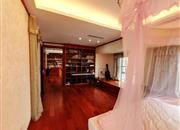 鸿荣源禧园-次卧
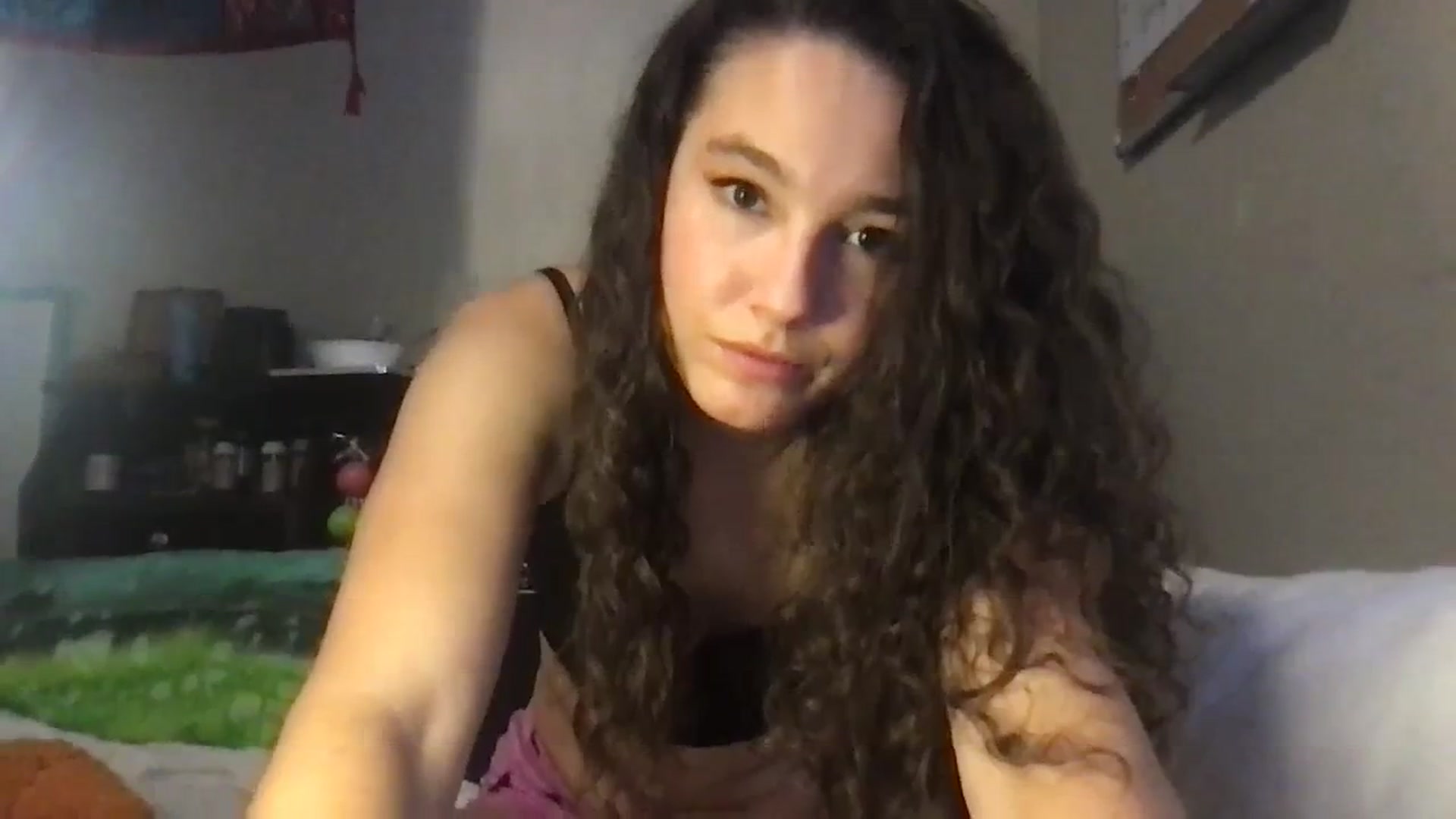 Gallery image thumbnail from lilyypop's myfreecams stream on, 04/10/2024, 01:05 image 11 of 20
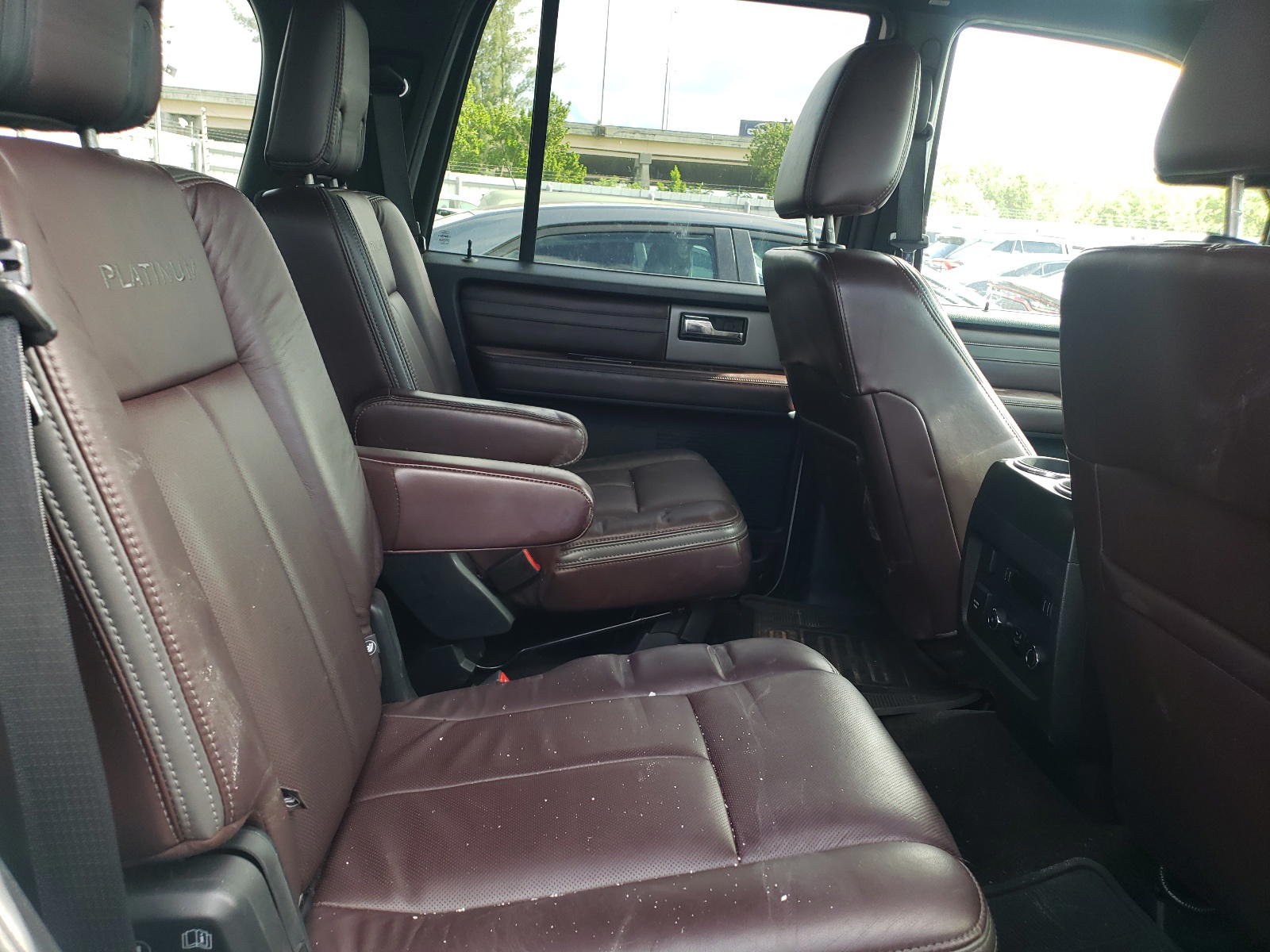 Photo 6 from auction – 2015 FORD EXPEDITION with VIN 1FMJU1MT7FEF36616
--
Where a picture appears, skip it; repeat everything else in the data exactly.

 鸿荣源禧园-次卧
 Gallery image thumbnail from lilyypop's myfreecams stream on, 04/10/2024, 01:05 image 11 of 20
 Photo 6 from auction – 2015 FORD EXPEDITION with VIN 1FMJU1MT7FEF36616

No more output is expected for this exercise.